Input material
============

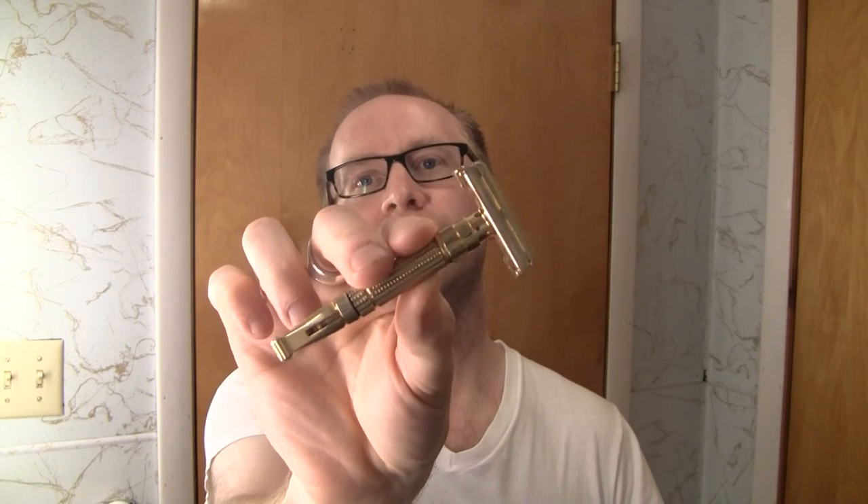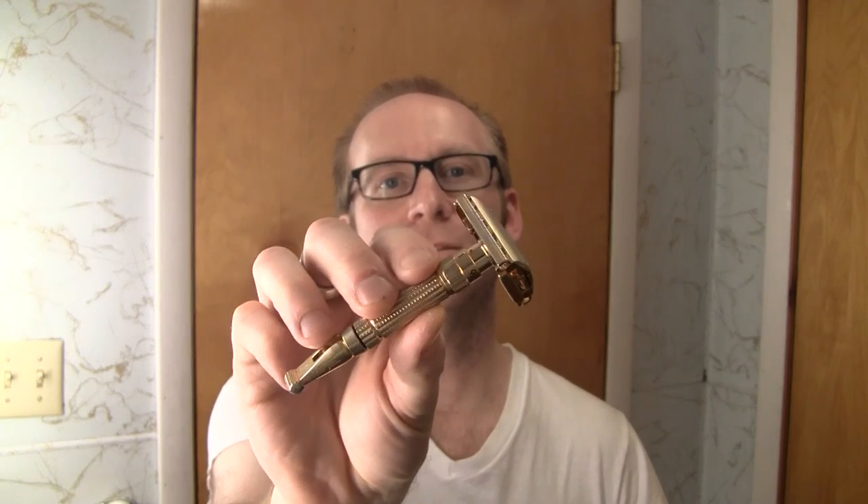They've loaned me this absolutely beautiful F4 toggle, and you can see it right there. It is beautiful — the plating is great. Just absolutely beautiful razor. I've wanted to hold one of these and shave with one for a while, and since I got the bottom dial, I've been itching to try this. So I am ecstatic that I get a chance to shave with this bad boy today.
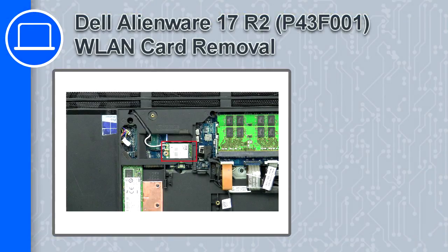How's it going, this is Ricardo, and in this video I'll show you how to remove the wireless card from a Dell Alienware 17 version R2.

============

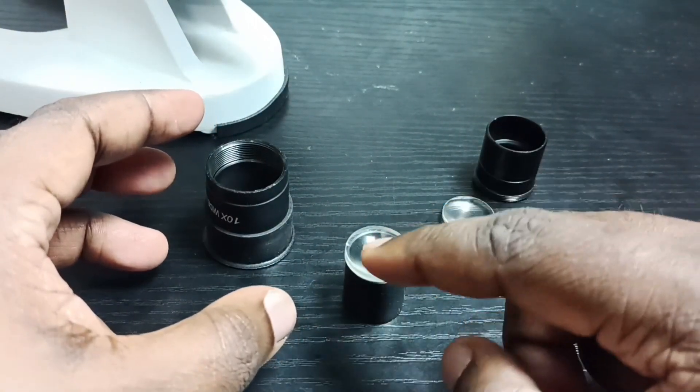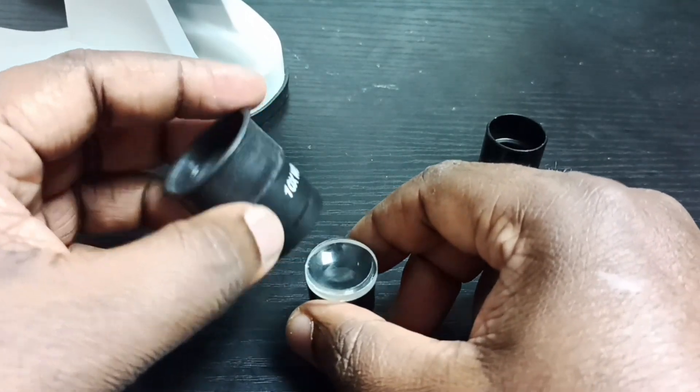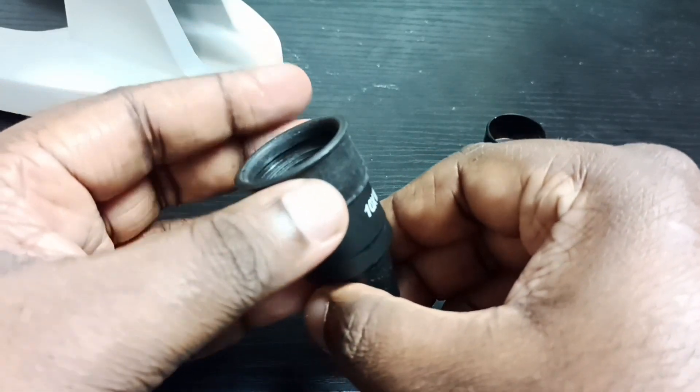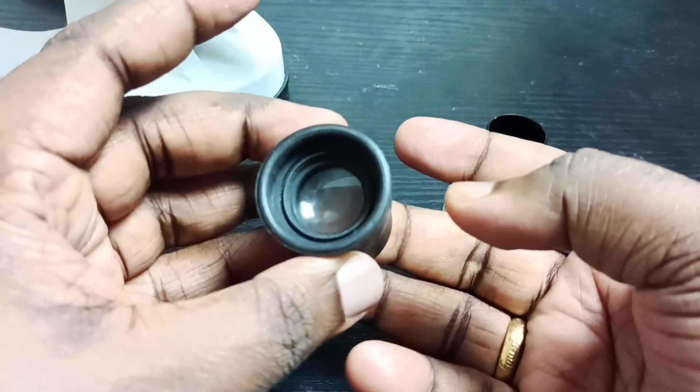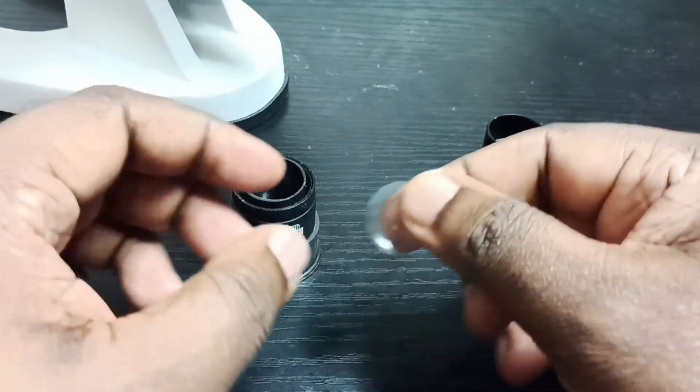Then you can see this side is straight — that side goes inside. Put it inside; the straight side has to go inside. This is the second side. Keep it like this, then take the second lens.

============

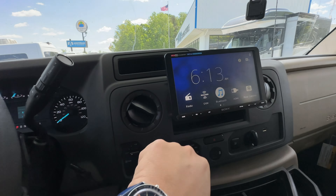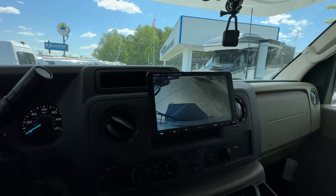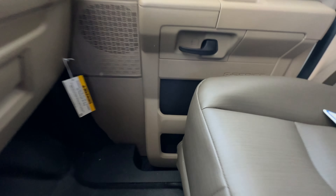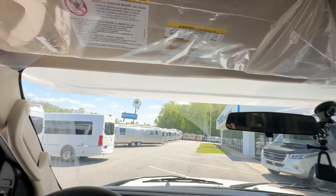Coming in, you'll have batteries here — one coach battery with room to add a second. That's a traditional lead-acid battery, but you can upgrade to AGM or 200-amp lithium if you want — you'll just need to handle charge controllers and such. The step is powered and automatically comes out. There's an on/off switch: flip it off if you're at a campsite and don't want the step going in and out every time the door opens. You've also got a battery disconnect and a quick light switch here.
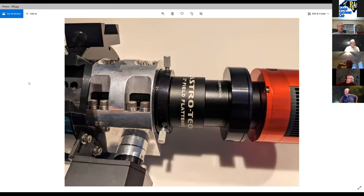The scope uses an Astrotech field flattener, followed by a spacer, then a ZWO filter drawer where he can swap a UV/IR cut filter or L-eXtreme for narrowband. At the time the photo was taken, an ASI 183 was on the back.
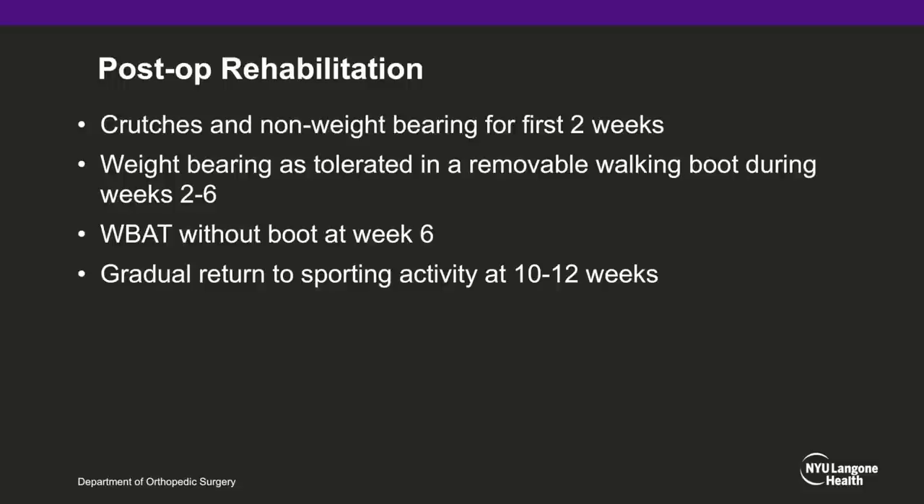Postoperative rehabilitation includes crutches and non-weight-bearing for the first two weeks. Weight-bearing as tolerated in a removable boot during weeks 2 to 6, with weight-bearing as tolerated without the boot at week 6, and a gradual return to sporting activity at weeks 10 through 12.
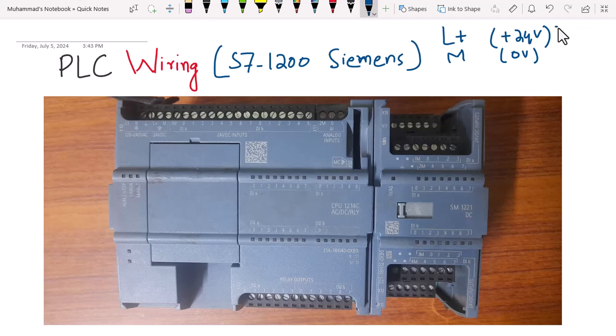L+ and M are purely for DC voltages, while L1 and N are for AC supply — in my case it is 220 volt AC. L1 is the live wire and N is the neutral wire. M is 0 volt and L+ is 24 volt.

============

Problem requirements
Everything from the line with "They've loaned me" through the line with "How's it going, this" in the material above should be transcribed exactly, except the pictures.

Your response
They've loaned me this absolutely beautiful F4 toggle, and you can see it right there. It is beautiful — the plating is great. Just absolutely beautiful razor. I've wanted to hold one of these and shave with one for a while, and since I got the bottom dial, I've been itching to try this. So I am ecstatic that I get a chance to shave with this bad boy today.
How's it going, this is Ricardo, and in this video I'll show you how to remove the wireless card from a Dell Alienware 17 version R2.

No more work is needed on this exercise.